Георгий Радов. Гречка в сферах
Опубликовано в журнале Знамя, номер 7, 2015
Георгий
Радов.
Гречка в сферах. Избранное. — М.: Художественная литература, 2015.
«Дела
давно минувших дней…» — скажет иной, наскоро перелистав и вернув на книжный
прилавок или на библиотечную полку сборник прозы Георгия Радова,
вышедший к столетию со дня рождения писателя (1915–1975).
А мне вспоминается появление автора
в начале пятидесятых в «Огоньке» с рассказом «Петр Егорыч»,
сразу оцененным редакционными старожилами.
Боже мой, кто их нынче помнит?
Разве что Анатолий Алексеевич Кудрейко язвительно
«увековечен» в поэме Маяковского «Во весь голос». Но ведь именно возглавля-вший
литературный отдел А.М. Ступникер приветил, ободрил и
напечатал пришельца из Курска, несмотря на его отпугивавшие «анкетные данные»:
бывший редактор областной газеты, не только снятый, но и из партии исключенный!

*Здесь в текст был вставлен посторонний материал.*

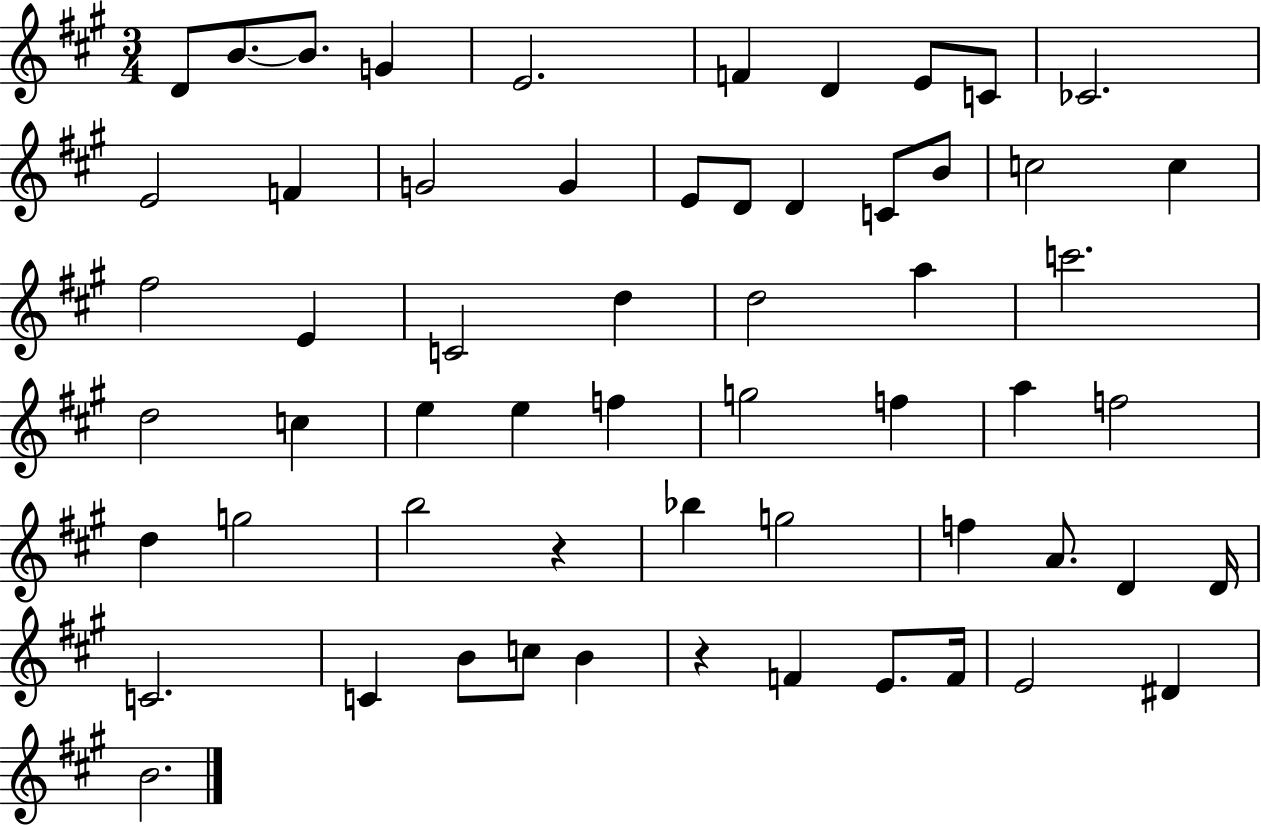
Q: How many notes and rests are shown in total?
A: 59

Помню, как смаковал Александр Максимыч меткие
словечки и всю раздумчивую манеру выражаться радовского
героя — старого мастера, — «угощая» цитатами чуть ли не всякого заходившего в
кабинет.
У столь удачного столичного дебюта
был прочный фундамент, закладывавшийся с юных лет, с первых проб пера
семнадцатилетнего газетного корреспондента, пришедшихся на сложную и
драматическую пору пресловутого «великого перелома» — коллективизации. Был
Радов свидетелем и участником долгого и трудного процесса восстановления
хозяйства Курской области, израненного войной, когда вернувшиеся домой солдаты
сталкивались с такими проблемами, что, как скажет один из персонажей, легче
танковую атаку отбить, чем с ними справиться.

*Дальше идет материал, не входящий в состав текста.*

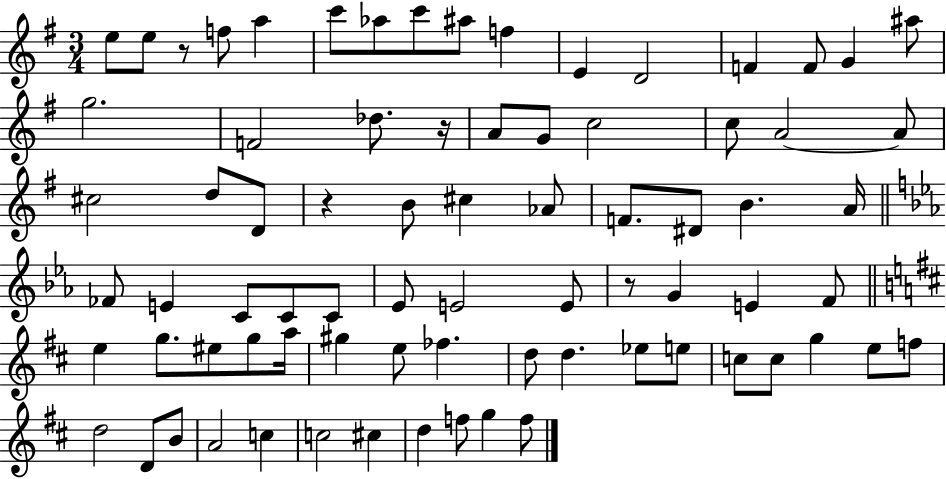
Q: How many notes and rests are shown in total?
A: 77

Всей деятельности писателя было
свойственно, по выражению Константина Симонова, стремление к длительности
наблюдений, нередкое возвращение на место действия своих прежних статей и
очерков, будь то края, знакомые с детства, или впервые увиденные в пору подъема
целины, а потом посещаемые вновь и вновь — не в пример авторам, кои кинулись
воспевать первые урожаи, но, когда гром победы поутих
и обнаружились серьезнейшие проблемы, и дорогу туда позабыли. Радов же вместе с
новоселами пережил (и описал) подступившие трудности и испытания —
катастрофическое падение сборов зерна, пыльные черные бури, уносившие
плодородные слои земли, пока не были созданы спасительные противоэрозийные
комплексы.
Читая очерк «На быстрине и
бережком», думаешь, что и писатель-то прожил жизнь именно на быстрине («самое
быстрое, бойкое место потока, русла, стрежень» — так охарактеризовано это слово
у Владимира Даля).
Заметим, что его родная земля и в
минувшем веке была верна сказанному в «Слове о полку Игореве» — о «курянах…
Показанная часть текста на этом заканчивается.